All of the modules have a high-end output, so are able to present information graphically, as tabulated data or interpretive reports, the objective being immediate access to easily understood information. Notably all are web-based so that the information can, if required, be accessed remotely by all interested parties.
The Citect-Mitsubishi partnership has deliberately set out to create a business toolset based on standard software components, such as MX4 and IIM, that can be applied in any industry with equal ease.
"Information management, like design engineering, is an industryless discipline," says Tom Sabitzer, a Citect engineer on long-term secondment to Mitsubishi Electric in the UK to help introduce his company's products as the Mitsubishi MX4 range. "Both are required in all technology-based endeavours and both require a delicate mix of specialist knowledge and unfettered thinking. It is not surprising, therefore, that IIM was born of technical parents rather than commercial."
Mitsubishi also recognises the innovative positioning of IIM. While the company adopts most of the Citect suite of control products as the MX4 range and supports these fully from its own resources, IIM will always be presented as a Citect development with support coming directly from Citect's own experts.
For a manufacturing organisations, IIM is designed to transform real-time process data into easily comprehensible and highly pertinent information to support decision-making by plant and business managers. One of its vital characteristics is that it brings together people from different parts of the enterprise, so that better decisions can be made more quickly against the key performance indicators of the organisation.
Data from multiple sources can be aggregated and transformed into valuable, comprehensible and manageable information for productivity analysis, data mining, querying and reporting in real-time.
Various groups of people within an organisation can benefit from IIM, as illustrated Figure 2 and explained below.
Design engineers
The first stage in any design project is to assemble as much pertinent information as possible and use this to develop some design pointers. IIM reports can be used to automatically assess existing plant and machines to identify strengths and weaknesses. For instance, an energy report coupled with production analysis and asset databases may identify oversized motors or wasteful heating cycles. Comparing maintenance and downtime reports for different parts of a plant could help identify scope for optimised designs. Quality and metrics may highlight detail design requirements.

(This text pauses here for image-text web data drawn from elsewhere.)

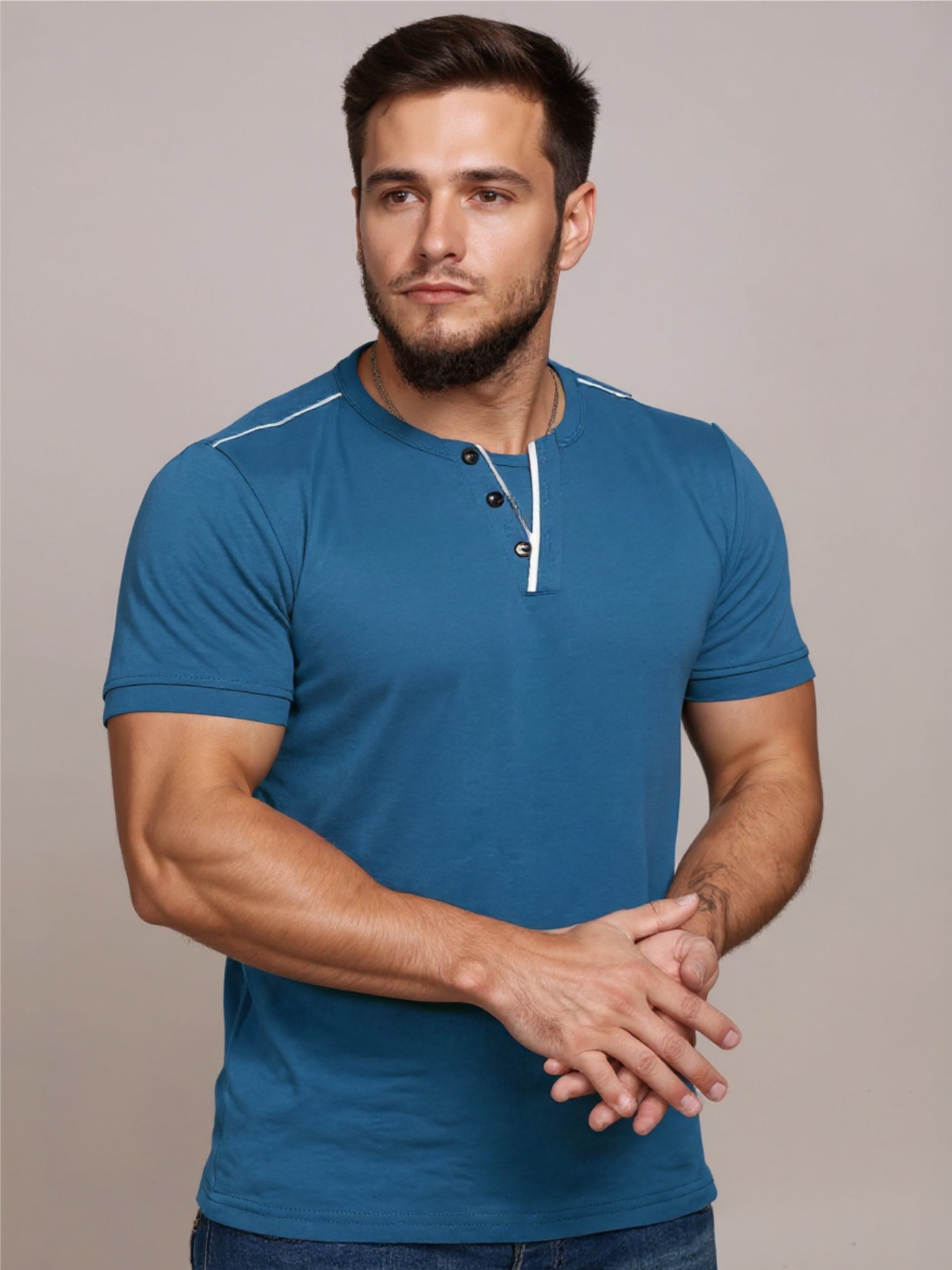 Henley Short Sleeve T-Shirt with Contrast Trim
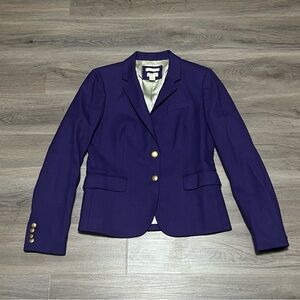 J Crew 4 Schoolboy Blazer Purple 2 Button Gold Accents Wool Blend Preppy Career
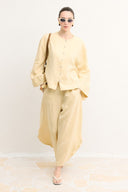 Button-Detail Organic Linen Shirt - Yellow
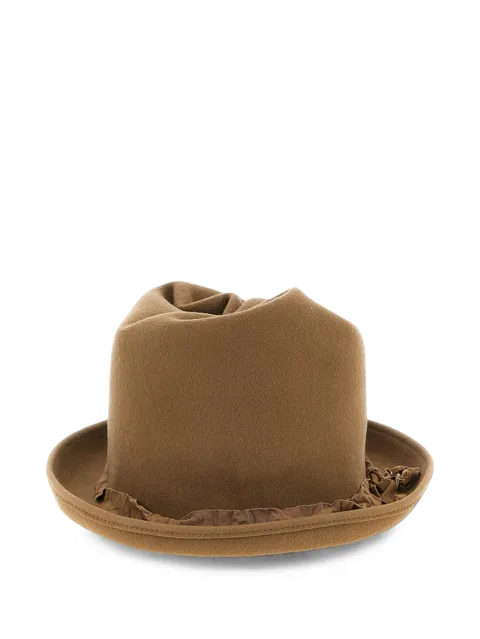 curled asymmetric-crown hat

* Process engineers: A set of standardised software tools not only automates plant data collection but also ensures that the translation into information uses a consistent methodology so that results are comparable. Improving response time, streamlining scheduling, failure analysis and materials tracking all become automated tasks.

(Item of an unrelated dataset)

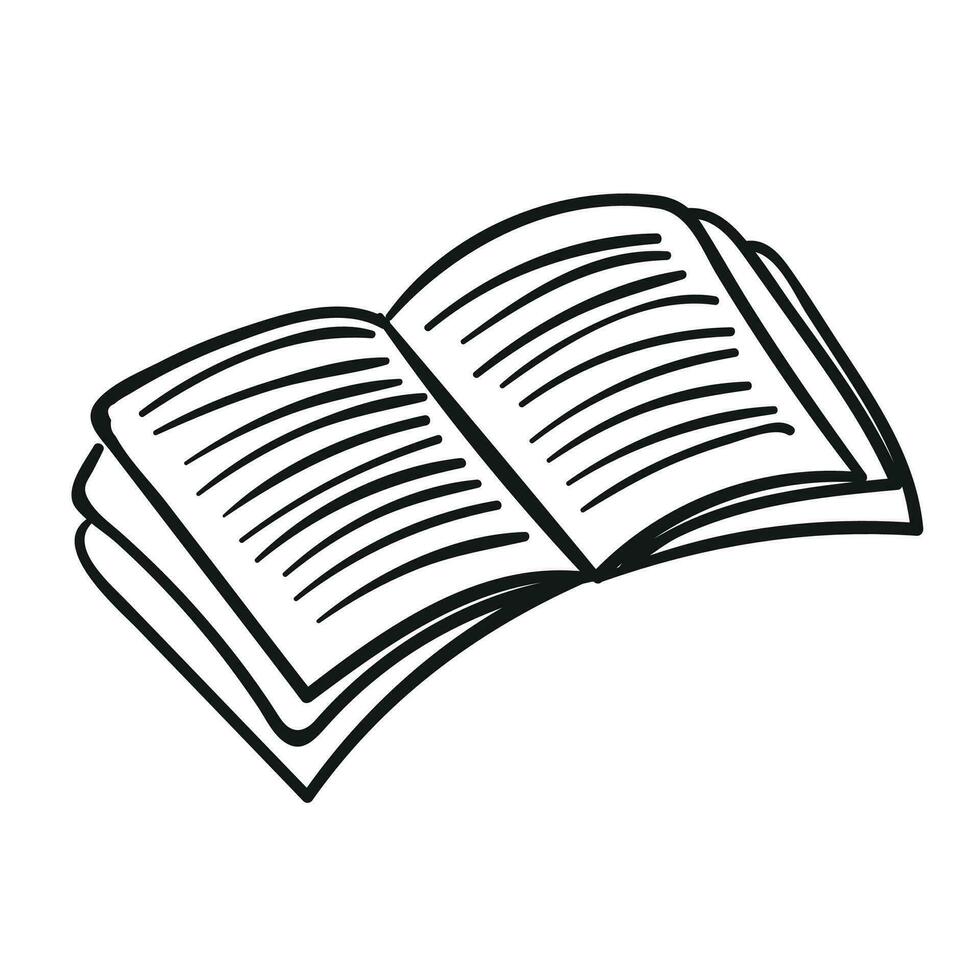 vector libro cuaderno garabatear mano dibujado icono símbolo educación concepto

* Plant engineers: Integrating plant parameters with business metrics will produce valuable information on production, yields, downtime, quality, materials usage and waste, to enable detailed productivity improvement strategies to be created.

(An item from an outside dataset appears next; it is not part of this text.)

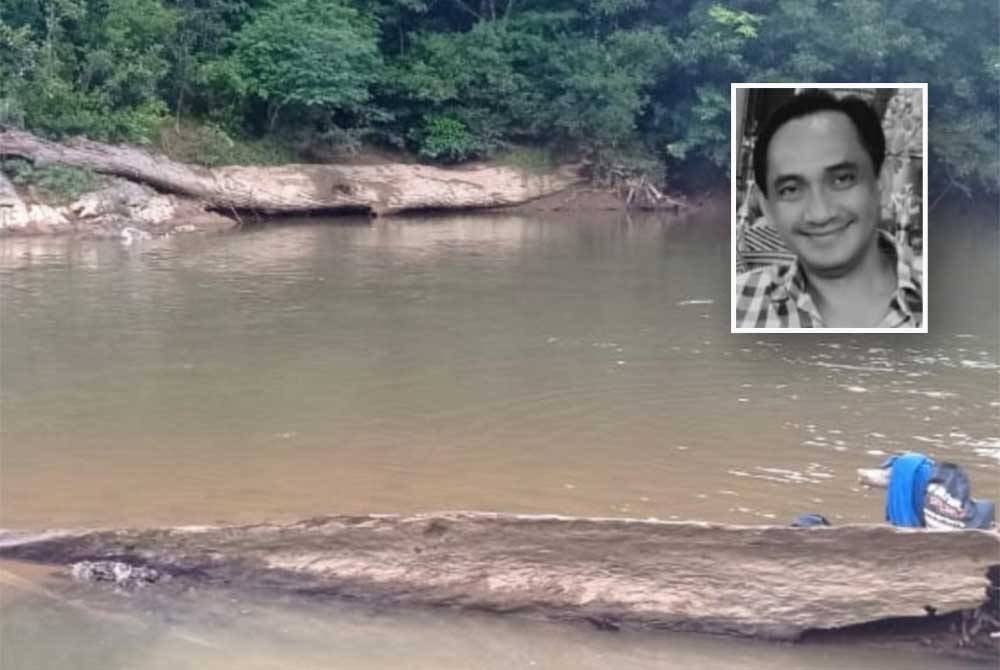 Lokasi mangsa dikatakan tergelincir sebelum lemas di Sungai Lebir.Gambar kecil:Mohd Hanafiah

* Maintenance engineers: Optimised maintenance will increase asset utilisation and track equipment statistics such as running time and number of overloads. This will help to streamline processes and optimise maintenance services.
* Quality control: Real-time reports, automatic archiving and target tracking help to maintain product specification and ensure that statutory regulations - such as environmental standards - are never compromised.
* Business manager: With real-time enterprise-wide information constantly available, managers and directors can prioritise their actions and ensure that their leadership is always relevant to the real world of their plant's capabilities.
* Suppliers and customers: The benefits of IIM reach way beyond the host business. Suppliers can access online inventories to proactively manage their deliveries, while customers will enjoy improved product and timely dispatch at lower cost, plus constant improvements.
Most obviously IIM will aid the improvement and optimisation of production processes, but it can equally be used to maximise return on assets by cutting downtime, emergency repairs, production bottlenecks, and reducing overall time to market. The cost of IIM ownership is also manageable through the modularity of the program, which allows the system to be built up incrementally.
Each module can be permitted to deliver maximum benefits before the next stage of development is begun, which is a major advantage for creating low-pain, continuous, scalable improvements.
The fact that IIM is installed alongside existing automation and IT systems in a non-intrusive manner reduces risk to effectively zero so that return on investment is extremely rapid.
Industrial Information has already begun to break down the interdisciplinary barriers that often hold enterprises back from achieving their full potential. As its installed base grows, it is likely to lead to a broadening of each individual's focus so that they can more effectively share the overall view of the entire organisation.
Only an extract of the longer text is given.